Eterna guerra
Frente a frente o bem e o mal, representados tal qual o I-Ching. Éramos combatentes, dispostos a morrer por nosso reino, se fosse preciso. Acreditávamos no caráter de nosso rei e nos ideais de igualdade e justiça que nos haviam sido inspirados. À nossa frente, o inimigo. Observávamos seus passos ruidosos como quem observa a própria imagem num espelho. Porém, uma imagem distorcida. A sombra negra do outro era contrária a tudo que julgávamos correto. Eram inimigos da justiça, da honra e da igualdade. Nosso inimigo era sorrateiro e desprovido de virtudes. Sua existência era uma afronta à soberania de nosso rei e à angelical figura de nossa rainha. Valia à pena morrer por nosso glorioso rei. Valia a pena morrer por nossa divina rainha. Assim, avançamos com cautela. De forma estratégica, partimos para cima do inimigo. Porém, nossas defesas vacilaram. O mal não possui limites e sua sombra não pode ser subestimada. Com seus cavalos negros, avançaram ceifando alguns dos nossos, conquistando precioso espaço para que os seus sacerdotes malevólos lançassem mão de suas artimanhas, invadindo nosso reino com sua lábia tenebrosa. Assim, outros de nós, ao ouvirem tais palavras enfeitiçadas (e plenas de mentiras), e que diziam coisas agradáveis e nocivas, também foram dizimados, derrotados por suas fraquezas.
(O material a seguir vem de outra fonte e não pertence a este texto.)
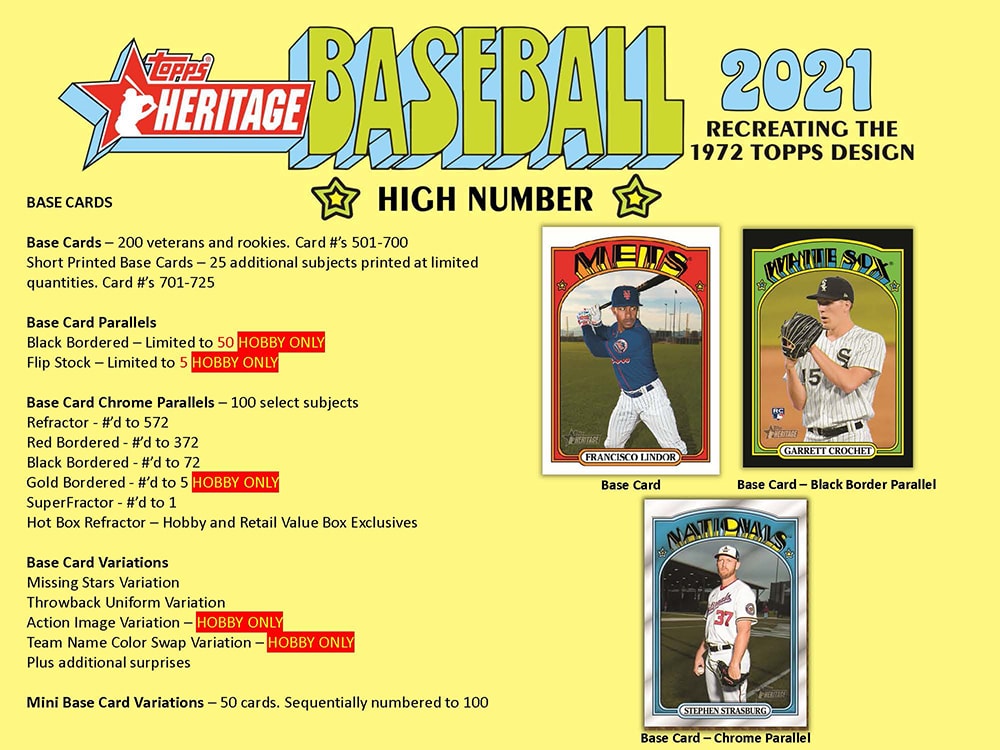 2021 Topps Heritage High Number Baseball Hobby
À esta altura, lutávamos poucos de nós. Somente um cavaleiro ainda resistia bravamente. Nosso reino estava em chamas, nossas torres abaladas, assim como a própria fé dos nossos religiosos, diante do fim. Assim, nós, os remanescentes, pudemos perceber que o reino de cá, não era diferente do reino de lá. Que a sujeira também se escondia sob a tinta branca de nossas casas e que os ideais de justiça e igualdade proferidos por nosso rei era apenas uma ilusão, com a qual ele regava nossos sonhos e que garantia a realidade de privilégios. À esta altura, o covarde já se escondera, buscando preservar sua coroa. Não valia a pena lutar por ele. Era indigno morrer por um rei humano ou crer nas mentiras dos bispos, de vestes alvas e corações trevosos. Mas ainda havia a rainha. Exposta, abandonada por seu companheiro infiel, beberrão e luxurioso. Como era frágil o nosso reino que, em chamas, mostrava toda a sujeira que nunca havia sido vista. Nossa rainha chorava, mas corajosa, lançava-se à morte. Não valia a pena lutar por nosso rei, nem pelo frágil reino corrupto que ele erguera. Mas valia a pena lutar pela rainha e, principalmente, pela fé que pulsava em meu coração e que me fazia acreditar num Deus, diferente daquele descrito pelos religiosos de minha terra. Assim, de forma audaciosa e, até atrevida, coube a mim aproveitar-me de um momento de glória do inimigo para chegar próximo do imperador negro e cravar-lhe minha espada. Xeque-Mate.